Sarah Jane watched the very nice man from the AA fix her car, and then went back into the café that was conveniently next to the parking space. She sat with the three youngsters and looked at them curiously.

“Have a cup of tea m… I mean… Sarah Jane,” said the pale faced boy who the others called Luke. Sarah Jane noted that he put exactly the right amount of milk and sugar into the cup, just as she liked it. It was as if he knew her well. They all seemed to.

But the story they were telling her was preposterous.

“You all seem like nice young people,” she said. “So I don’t know why you would be involved in some plan to trick me into… I don’t know. What would be the point of it? Writing a joke news story about time travel? Is that it?”

“No, Sarah Jane,” Maria told her. “We wouldn’t do that. We really ARE from the future. Look. These are our security passes from the Travers Institute. Digital photos taken only a few hours ago… in our time anyway… and printed onto the pass, instantly laminated… They can’t do that in this time.”

“Digital photograph… I don’t even know….”

“Never mind, it’s way too much to go into,” Maria said. “Just look at the dates on the passes. The day we were there. It’s in 2008.”

And look at these,” Clyde added. “My mobile phone. And this…”

Sarah Jane picked up the strange object and examined it closely. It did seem to be a phone of some sort. But it was smaller than the microphone on her reel to reel tape recorder. And the other thing, just as small – the boy had called it an MP3 player. It contained eight hours of music, he said. It was the size and shape of a felt tip marker pen. Eight hours of music recorded onto something that small? The tape reels each contained fifteen minutes of material.



“But you’re all…” She looked at them. “You’re all healthy and…. Is the world… Earth… I mean, there hasn’t been a nuclear war or…”

“No nukes,” Clyde told her. “The grown ups managed to avoid that. Skin of their teeth a couple of times. But so far, we’re still there.”

“Well, that’s a relief,” she said. “I mean, really. The way people talk these days… I never expected us to make it. But you three… you’re really from the twenty-first century?”

“Yes,” they chorused.

“Are you…” She looked at Maria thoughtfully. “You’re not my daughter, are you? I mean… Sorry, it’s silly of me. It’s not as if I even have a boyfriend. But I thought I would get married eventually. Have children. It’s what a woman is meant to do, even one with career ambitions. A husband and children are always part of the plan…. And you…”

“No,” Maria admitted. “I'm not your daughter.” Sarah Jane looked disappointed. “I’d be really proud if I was. You’re… fantastic. You’re more of a mum to me than my real mum. And I think you’re wonderful….”

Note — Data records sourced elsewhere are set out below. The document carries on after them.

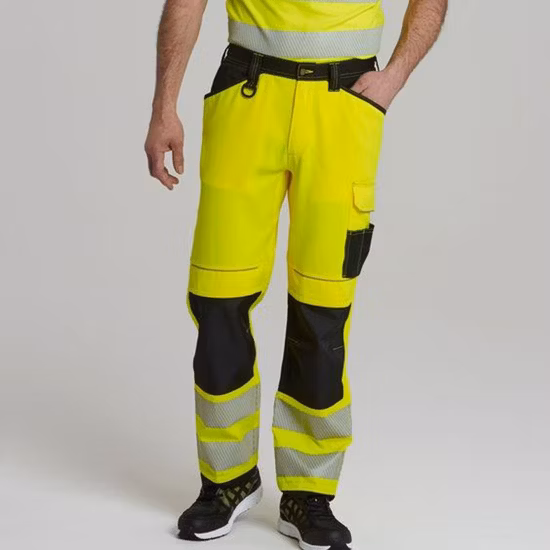 Calça de carga de segurança reflexiva de dois tons Hi Vis Terno de trabalho Roupas de segurança industrial Calças de trilha reflexivas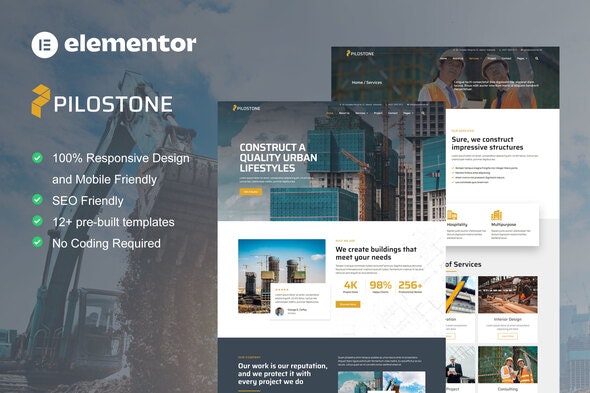 Pilostone - Construction &amp; Building Service Elementor Template Kit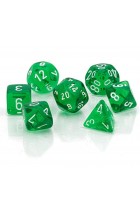 Chessex Mini Polyhedral 7 Die Set - Translucent Green-White 7-Die Set
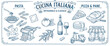 © Mr. Stocker - Vintage blue line art illustrations of traditional Italian food and culture, with pasta, pizza, wine, cheese, olives, and a scooter in a classic hand-drawn sketch style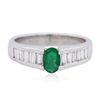 Image 1 : 14KT White Gold 0.43ct Emerald and Diamond Ring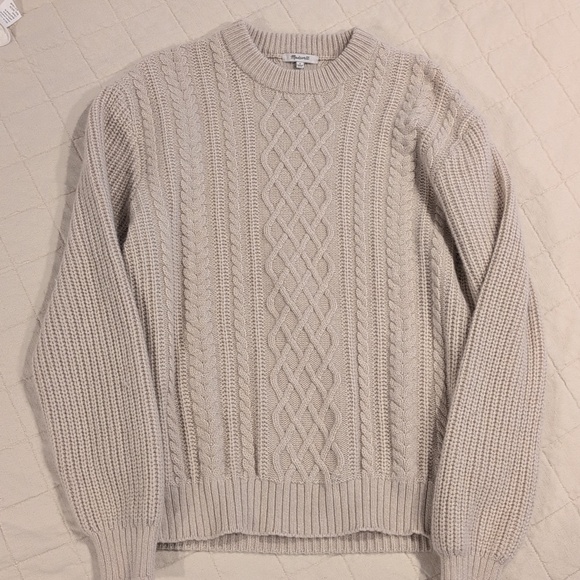 Madewell Cable knit Wool Blend Fisherman Sweater In Off-white Cream Color - Picture 5 of 9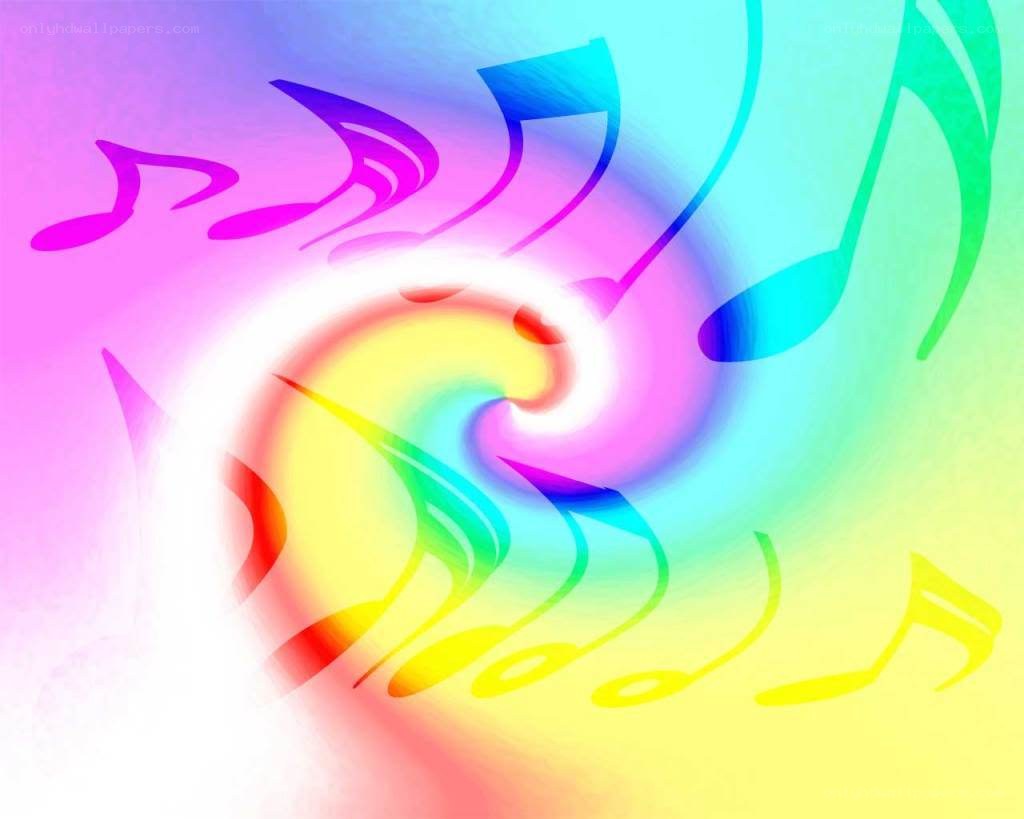 colorful music notes swirl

“Oh.” Sarah Jane looked faintly embarrassed. Being complimented for being wonderful and fantastic for something she hadn’t even done yet was hard to take.

“M…Sarah Jane…” Luke spoke up. Sarah Jane looked at him. He seemed upset about something. She wondered why, then realised that, if their story was true, all three of them were a long way from home. Perhaps he had realised he wouldn’t see his mum and dad again without somebody’s help.

“I’ll try to help you,” she said, putting her hand over his. “Your mum must be missing you as much as you’re missing her.”

Luke blinked back a stray tear and managed to smile.

“Thank you, Sarah Jane,” he said.

“But I honestly don’t know WHAT I can do to help. What is it that you think you have to do?”

“Give this to Liz… I mean, Professor Elizabeth Shaw,” Maria said, pulling the things out of the satchel that had made it so heavy. There was something about the size of a laptop computer, but without any obvious way to open it, and what looked like a metal envelope, the size of an A4 piece of paper. It was sealed with a sort of lock, but no obvious way of unlocking it.

There was a logo on both objects. A ‘T’ made up of lots of little hexagons.

“I think that must be for Travers Institute,” Maria added. “Although that didn’t look like their logo…”

“It’s not,” Sarah Jane answered her. “I’ve researched the Travers Institute. It was founded by Professor Edward Travers, the eminent scientist and explorer. It’s the leading centre for scientific research, and the fact that a woman, Professor Elizabeth Shaw, is the director of it makes it even more extraordinary. A woman in charge of an advanced scientific research facility. That’s why I'm here. To interview her. I’m doing a series of articles about women who succeed in male dominated professions. I am hoping to get Barbara Castle and Margaret Thatcher to talk to me next week. But Elizabeth Shaw was a real coup.” She checked her watch. “My appointment is in fifteen minutes. We’d better go.”

She said ‘we’. Clyde, Luke and Maria followed her out of the café. She looked at her car and shook her head. It was only a two seater, of course. They wouldn’t fit.

“We’ll have to walk,” she said as she picked up her tape machine from the passenger seat. “It isn’t far.”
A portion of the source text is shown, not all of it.